KATZ: You know, I don't. I think that bigger practices have different risks than smaller practices. I think bigger practices, as you point out, have such high volume, that they’re are forced to put absolute policies and procedures in place. That's protected. But the problem is their volume is so high, that they have so many embryologists, some that may not even know each other well. So I think big practices have that risk. Smaller practices also have a risk that they may be busy in their own world, that they haven't been able to put proper policies and procedures in place that a dedicated person could do at a larger practice. The practice I do worry about, is the single person practice that practices the same way today, as they did 25 years ago. Because I think if you're going to do PGTA, then the embryologist that does the biopsy has to be properly trained and doing enough biopsy cases to maintain that certification. Infertility practices have changed greatly over the last 40 years since Louise Brown. I mean, people think about Louise Brown in 1978, of course the first successful IVF cycle, but it was really a surgical treatment modality that was commonplace in fertility practices in those decades. In other words, most treatment plans were focused on surgical intervention, which was a really successful. Nowadays, REI is performing very little surgery. Their focus, Griffin, is really, as you know, on performing IVF, which is so successful. So changes in the REI practice are commonplace and those changes really are important because it's those changes that really limit risk. So to answer your question very specifically, I think large practices have their own set of risks, and small practices have their own set of risks, but as a patient looks at a practice, I don't think they should view a larger or smaller one as having a greater risk.
JONE: As a general stereotype, physicians across the board are labeled to be those that hate lawyers and live in fear of malpractice. In your summation, are the REIs that you're talking to, are they taking this seriously?
KATZ: So, the REI Protect Program is really by invitation only. We seek out those REIs that we feel practice above the standard of care and, most importantly, communicate really well so that if there's a mishap or if they sense something is wrong, they will reach out to us ahead of the curve. What we'd rather not have is a call after some tragic event has happened where the physicians knew or sensed that it was happening for weeks or months. In either case, we respond with tremendous expertise, but we certainly want to be ahead of the curve. I think REIs across the country are much more focused on medical malpractice issues in our field, because I think they feel like they're doing a good job in the clinic: improved informed consent, they've decreased their surgical volume. I think REIs, in general, communicate well with their patients and form excellent relationships with their patients.
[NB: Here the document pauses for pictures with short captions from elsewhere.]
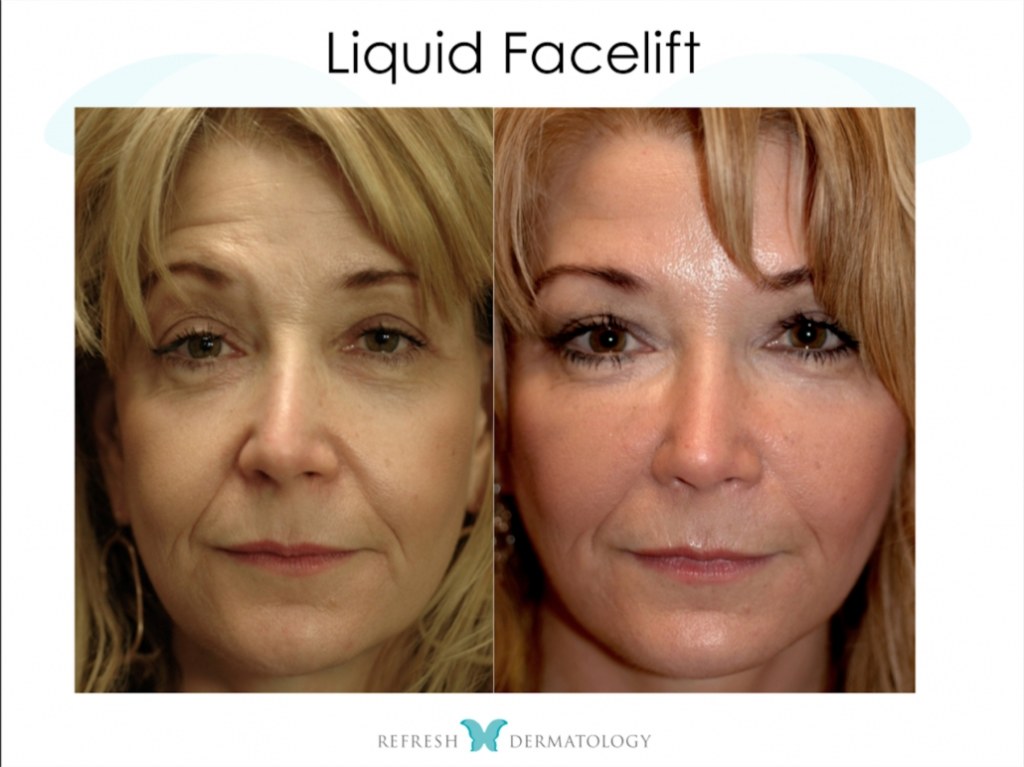 Picture of: Liquid Facelifts, Houston, TX  Refresh Dermatology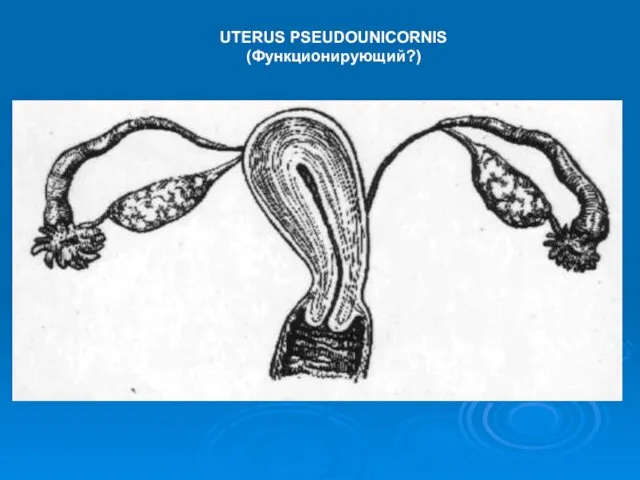 UTERUS PSEUDOUNICORNIS (Функционирующий?)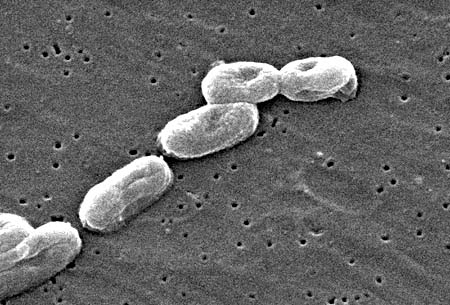 Vi khuẩn Burkholderia pseudomallei (nguồn:http://diendanykhoa.com)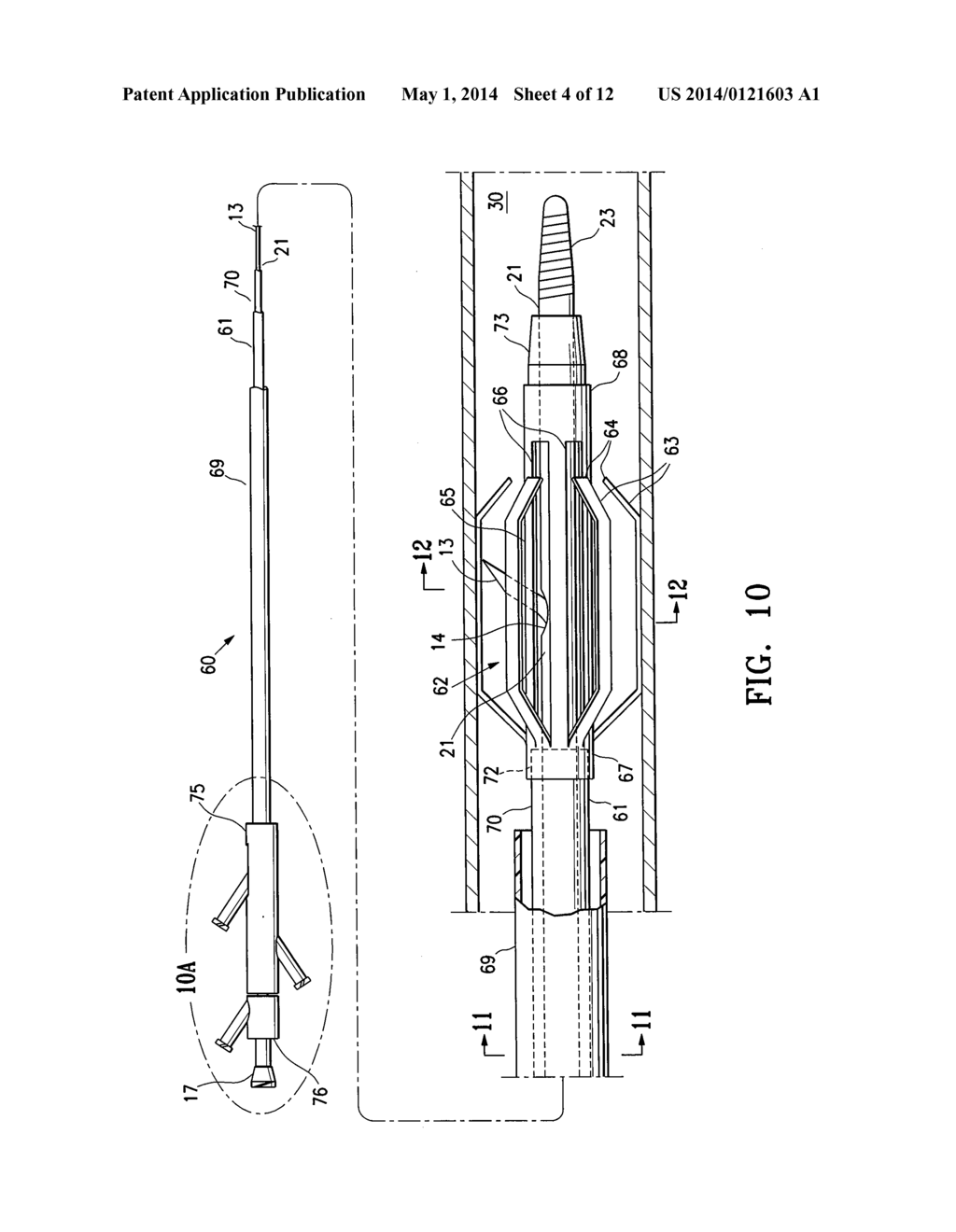 AGENT DELIVERY CATHETER HAVING RADIALLY EXPANDABLE CENTERING SUPPORT     MEMBER - diagram, schematic, and image 05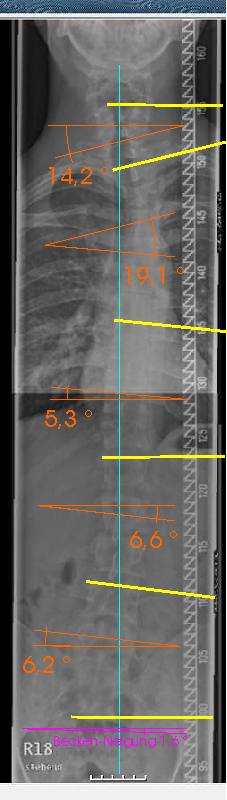 orange = Winkel der gelben Linien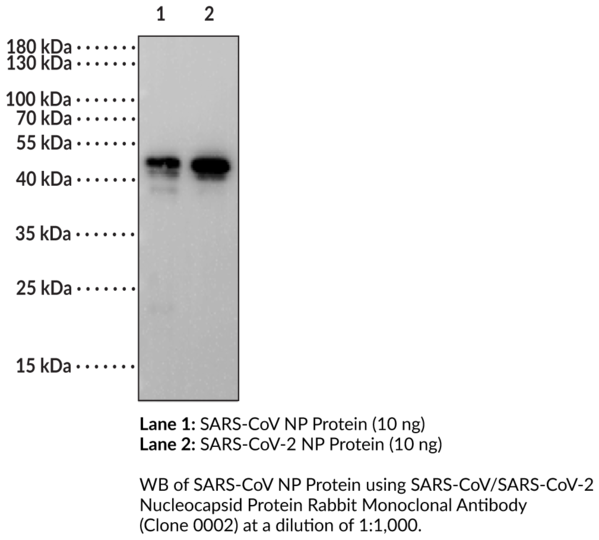 Anti-SARS-CoV/SARS-CoV-2 Nucleocapsid Protein Rabbit Monoclonal (Clone 0002)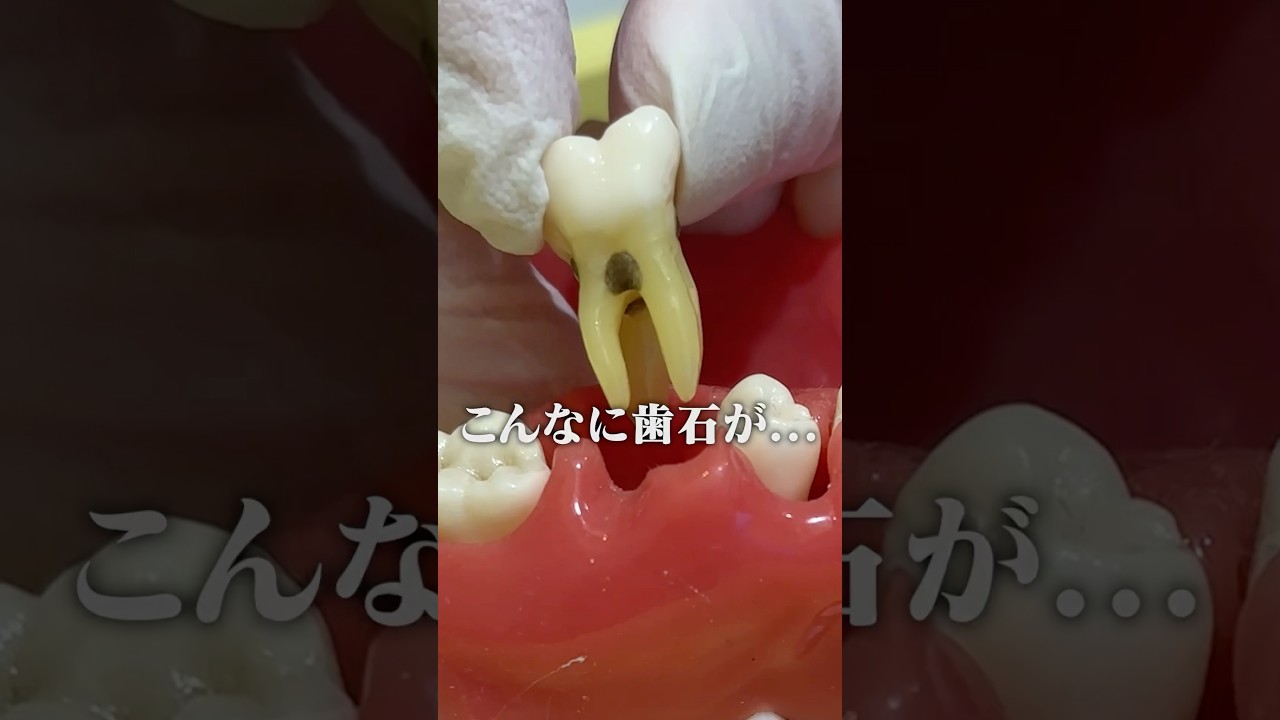 歯茎が腫れやすい人は危険です！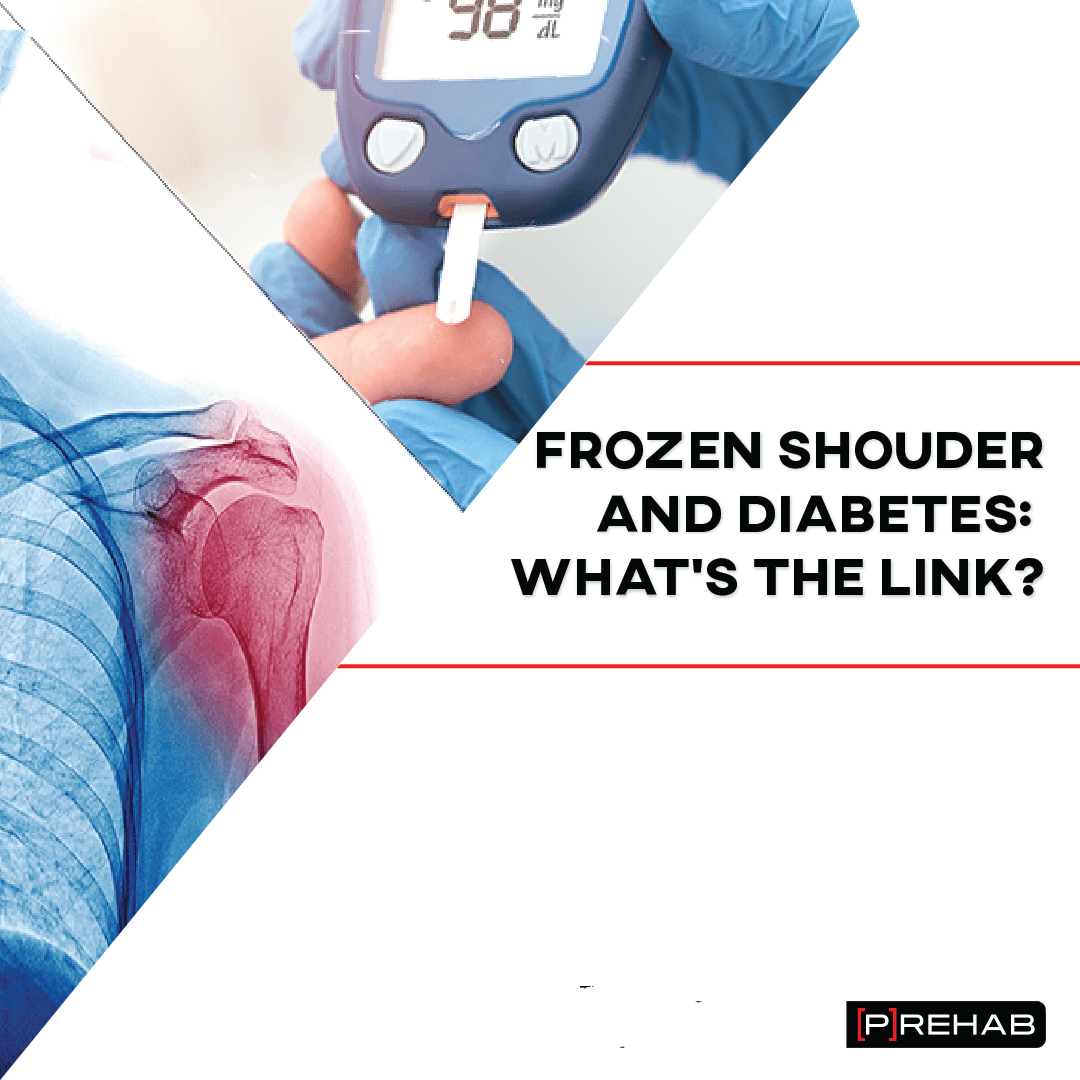Capsulitis Shoulder Diabetes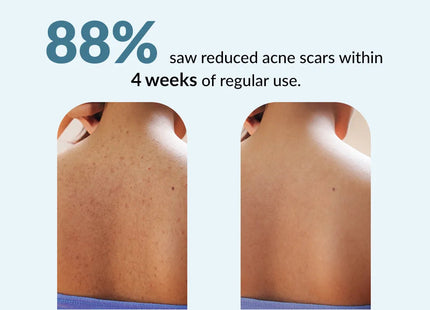 Salyzap Body Wash for Body Acne | Salicylic Acid Body Wash, 2% Salicylic acid, 1% Azelaic acid, 0.1% Tea tree oil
What they're concerned about is the unknown in the IVF lab and who's responsible for those mistakes? Because if a physician does an egg retrieval and the eggs are properly labeled in the IVF lab and then the IVF lab hands him or her back the wrong embryos, here's a very strong argument--a very strong factual argument that the physician didn't make any mistakes. And our litigious society has not caught up with that fact. They're focused on, ”Well, who was your doctor? He's responsible for what goes on in the IVF lab.” We at REI Protect are trying to separate out the two through legal modalities, meaning that it's actually not the physician’s professional responsibility for what goes on in the lab. He or she hires licensed and certified lab directors and embryologists, and then he or she counts on those professionals to do their job. So, we focus on IVF lab coverage and physician REI practice coverage and we have separation between the two. So I think REI physicians are very well aware of what's happening with these mishaps, lawsuits in the country. They're mostly coming out of the IVF lab and that's what concerns them, because their control in the IVF lab is a lot less than their control in their own practice.
JONES: So what can people do to protect themselves? If you were just having a drink with someone at ASRM and it's a practice owner who has just seen the headlines of the tank issues from 2018, of this most recent incident in Los Angeles in July of 2019, and has concerns, what are the first few steps that this person takes? How do you counsel someone when you're just having a side conversation with them telling them from experience selling them from your professional experience?
KATZ: Well, they have to get their IVF lab house in order. And many smaller groups don't have the structure in their IVF lab that they need. It's my feeling that they should have an outside or off-site Lab Director, which is separate from the Managing Partner of the REI practice. And that highly-qualified 8 CLD Lab Director should be responsible for overseeing that the policies and procedures in the laboratory are effective and meet all of the certification criteria, whether it's CAP or JCHO, the Lab Director has to make sure that the IVF lab is certified. The second thing I would say as part of getting the IVF lab house in order is you have to have enough qualified embryologists meet the caseload. Whether that number is a hundred or a hundred and twenty cases per embryologist--the ASRM has produced guidelines on such-the embryologist cannot be overworked. Sometimes when clinics batch or clump cycles together, there's too many cycles per day, the theory is the embryologist have a week or two off a month, so they can regather their energy, but we have to focus on making sure that there aren't too many cases per embryologist. In other words, getting the IVF house in order. That's really where I lead. Of course, we've been going to do you have an IV- focused specific electronic medical records system? What is your surgical caseload look like? Are you using the ASRM based consent? You feel like you have a professional and helpful administrator or Executive Director that understands the modern REI practice? Those are really all questions we focus on. And If I'm meeting someone, as you said, at the ASRM, I'm really focused first on getting their IVF house--or IVF lab house in order.
JONES: Who polices this? Is that the FDA? Is the State Medical Boards? Is it Health and Human Services?
KATZ: Well, I think it's a combination of organizations. Certainly the medical board and every state polices it at some level, as they police every physician. I think SART and CAP have done a very good job in trying to bring certification standards to our community. I don't know if anybody polices it necessarily, but there are a number of organizations really through the ASRM or the AAB that really pride themselves on the certification process and make sure that these clinics and labs are following proper procedures and protocols.
JONES: The intensity of a malpractice suit and what that can do to a clinic, I think, is all but obvious. This is pure speculation, but I just--I don't think that anyone would really disagree--I don't see this clinic in Los Angeles coming back. I don’t see this embryologist working in the field again, and or at least not for a very long time. And so that sort of fear of what can happen as unsurvivable cost is all but obvious. Are there any cost savings or any cost benefits to becoming compliant sooner without having anything go wrong? Such as if people use biometrics or if they use digital labeling--electronic labeling, if they use digital witnessing, are there any ways that their premiums on their insurance are lower because they have certain technologies or systems in place?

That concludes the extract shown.